AI-Huang / AdderNet-tf

TensorFlow implementation for paper "AdderNet: Do We Really Need Multiplications in Deep Learning?"
BSD 3-Clause "New" or "Revised" License
5 stars 0 forks source link

No convergence - Training AdderNet with Cifar10 #1

Open shl-shawn opened 1 year ago

shl-shawn commented 1 year ago

Hi Kan,

Thank you for your brilliant work for writing AdderNet in Tensorflow.

I learned from your codes that you have trained ResNet20-V1 and achieved 92.16% accuracy in Cifar10.

I tried to train the model with the following command, but found that it did not converge at all. The training loss and accuracy at 100 epoch are same as that of the first 5 epoch, whose screenshots are attached below.

python train_addernet_cifar10.py --data_preprocessing "subtract_pixel_mean" --lr_schedule "cifar10_scheduler" --dataset "cifar10" --use_addernet --data_preprocessing subtract_pixel_mean --epochs 300 --batch_size 64

I would be appreciate it if you could let me know what changes I should make.

Best Regard, Shawn

Epoch 1-5: 截屏2022-12-15 00 32 48

Epoch 100:

截屏2022-12-15 00 36 44

AI-Huang commented 1 year ago

Hi Shawn,

Thanks for your trial on my codes. Actually, pls check the README.md, which states that this code repository has NOT been tested yet.

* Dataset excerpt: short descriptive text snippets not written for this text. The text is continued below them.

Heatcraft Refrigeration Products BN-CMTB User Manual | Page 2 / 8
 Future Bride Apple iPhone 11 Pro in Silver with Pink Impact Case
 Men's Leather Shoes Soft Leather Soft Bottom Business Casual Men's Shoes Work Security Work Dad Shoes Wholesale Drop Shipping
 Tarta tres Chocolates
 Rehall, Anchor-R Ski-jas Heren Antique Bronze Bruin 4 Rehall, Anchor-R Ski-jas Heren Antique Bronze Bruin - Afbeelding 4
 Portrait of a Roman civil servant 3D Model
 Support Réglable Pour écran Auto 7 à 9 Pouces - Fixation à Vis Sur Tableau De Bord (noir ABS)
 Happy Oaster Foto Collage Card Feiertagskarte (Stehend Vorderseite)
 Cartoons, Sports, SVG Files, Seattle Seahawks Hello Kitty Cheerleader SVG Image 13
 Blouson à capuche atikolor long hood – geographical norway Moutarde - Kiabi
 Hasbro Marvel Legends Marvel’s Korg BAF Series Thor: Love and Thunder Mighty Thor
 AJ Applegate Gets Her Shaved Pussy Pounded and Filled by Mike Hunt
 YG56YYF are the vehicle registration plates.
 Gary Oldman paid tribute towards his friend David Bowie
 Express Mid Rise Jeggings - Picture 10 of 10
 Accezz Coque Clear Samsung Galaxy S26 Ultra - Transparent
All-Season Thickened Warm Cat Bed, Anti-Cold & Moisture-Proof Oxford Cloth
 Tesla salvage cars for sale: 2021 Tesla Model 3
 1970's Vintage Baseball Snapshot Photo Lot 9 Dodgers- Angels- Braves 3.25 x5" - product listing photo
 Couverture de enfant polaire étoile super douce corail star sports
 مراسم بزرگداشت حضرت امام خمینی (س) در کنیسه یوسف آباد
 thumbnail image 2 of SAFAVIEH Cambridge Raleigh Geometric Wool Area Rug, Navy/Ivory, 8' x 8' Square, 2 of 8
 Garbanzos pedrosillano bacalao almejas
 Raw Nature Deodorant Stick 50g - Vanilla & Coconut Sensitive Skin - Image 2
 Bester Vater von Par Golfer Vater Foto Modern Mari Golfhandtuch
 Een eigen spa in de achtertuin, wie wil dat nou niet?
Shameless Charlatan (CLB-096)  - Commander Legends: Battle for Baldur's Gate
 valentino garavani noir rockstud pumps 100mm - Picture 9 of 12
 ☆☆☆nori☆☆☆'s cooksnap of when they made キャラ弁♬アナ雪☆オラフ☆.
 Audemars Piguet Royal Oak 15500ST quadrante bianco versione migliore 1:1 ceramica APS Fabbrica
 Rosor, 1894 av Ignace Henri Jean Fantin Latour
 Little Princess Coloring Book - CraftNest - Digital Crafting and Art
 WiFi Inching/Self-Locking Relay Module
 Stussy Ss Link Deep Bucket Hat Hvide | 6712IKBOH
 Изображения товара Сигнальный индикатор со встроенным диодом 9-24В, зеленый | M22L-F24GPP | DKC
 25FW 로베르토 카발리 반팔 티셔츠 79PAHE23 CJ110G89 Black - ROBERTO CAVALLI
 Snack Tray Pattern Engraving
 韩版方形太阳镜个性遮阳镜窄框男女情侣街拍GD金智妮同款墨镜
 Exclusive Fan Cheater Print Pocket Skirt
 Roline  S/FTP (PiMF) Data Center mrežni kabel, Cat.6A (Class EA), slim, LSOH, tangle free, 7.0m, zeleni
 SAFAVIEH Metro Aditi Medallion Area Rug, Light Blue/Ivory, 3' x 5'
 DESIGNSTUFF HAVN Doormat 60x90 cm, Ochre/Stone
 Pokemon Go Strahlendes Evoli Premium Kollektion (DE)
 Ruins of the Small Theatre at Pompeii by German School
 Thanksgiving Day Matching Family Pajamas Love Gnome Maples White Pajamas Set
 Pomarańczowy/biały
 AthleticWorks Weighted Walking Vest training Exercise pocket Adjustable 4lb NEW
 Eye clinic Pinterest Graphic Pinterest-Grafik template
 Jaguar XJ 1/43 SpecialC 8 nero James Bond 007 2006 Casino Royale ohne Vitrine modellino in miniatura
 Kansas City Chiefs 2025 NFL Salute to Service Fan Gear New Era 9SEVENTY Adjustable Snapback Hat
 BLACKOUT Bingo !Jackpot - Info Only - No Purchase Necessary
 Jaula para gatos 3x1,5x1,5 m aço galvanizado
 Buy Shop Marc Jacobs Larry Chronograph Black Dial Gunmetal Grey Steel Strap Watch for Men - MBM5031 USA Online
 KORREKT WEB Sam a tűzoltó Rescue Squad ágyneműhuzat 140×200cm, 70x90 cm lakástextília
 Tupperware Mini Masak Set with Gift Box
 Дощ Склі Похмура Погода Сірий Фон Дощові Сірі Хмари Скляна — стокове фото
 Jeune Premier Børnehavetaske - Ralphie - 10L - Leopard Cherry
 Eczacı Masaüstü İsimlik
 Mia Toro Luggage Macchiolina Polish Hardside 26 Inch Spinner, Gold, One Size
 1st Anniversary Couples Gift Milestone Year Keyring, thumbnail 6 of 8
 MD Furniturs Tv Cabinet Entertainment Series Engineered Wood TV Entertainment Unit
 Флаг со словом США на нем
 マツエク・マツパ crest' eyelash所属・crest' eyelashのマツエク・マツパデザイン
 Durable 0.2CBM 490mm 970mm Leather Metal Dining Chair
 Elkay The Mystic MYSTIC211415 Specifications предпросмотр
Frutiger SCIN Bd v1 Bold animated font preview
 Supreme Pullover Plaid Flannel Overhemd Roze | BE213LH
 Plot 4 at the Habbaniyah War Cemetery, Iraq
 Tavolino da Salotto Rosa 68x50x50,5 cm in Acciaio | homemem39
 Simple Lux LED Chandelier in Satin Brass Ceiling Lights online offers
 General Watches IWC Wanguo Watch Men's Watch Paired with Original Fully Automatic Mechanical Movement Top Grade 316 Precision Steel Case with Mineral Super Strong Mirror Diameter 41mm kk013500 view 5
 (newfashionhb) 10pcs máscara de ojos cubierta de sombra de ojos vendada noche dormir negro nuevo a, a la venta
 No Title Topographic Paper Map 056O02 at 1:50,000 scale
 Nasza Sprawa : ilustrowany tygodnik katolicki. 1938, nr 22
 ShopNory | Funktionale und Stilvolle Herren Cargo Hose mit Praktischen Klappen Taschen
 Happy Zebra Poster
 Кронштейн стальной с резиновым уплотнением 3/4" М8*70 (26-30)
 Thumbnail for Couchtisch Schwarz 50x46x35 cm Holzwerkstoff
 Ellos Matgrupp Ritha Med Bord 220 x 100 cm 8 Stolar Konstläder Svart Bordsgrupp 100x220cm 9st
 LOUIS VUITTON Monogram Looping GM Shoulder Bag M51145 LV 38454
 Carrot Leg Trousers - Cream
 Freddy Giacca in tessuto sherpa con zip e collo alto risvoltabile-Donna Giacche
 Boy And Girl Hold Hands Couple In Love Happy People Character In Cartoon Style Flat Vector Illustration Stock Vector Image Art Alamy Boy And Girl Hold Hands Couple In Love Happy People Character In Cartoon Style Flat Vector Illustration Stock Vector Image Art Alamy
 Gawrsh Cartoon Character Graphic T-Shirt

This also means your output results are the same as mine, which I haven't uploaded and I am still fixing on.

The reasons I guess for the model not getting convergence could be:

  1. TensorFlow's SGDW optimizer is not the same as PyTorch's SGD with momentum;
  2. My implementation of the Adder2D layer especially its gradient function has some bugs.

I'll try to figure out the problem when I have some time, thanks!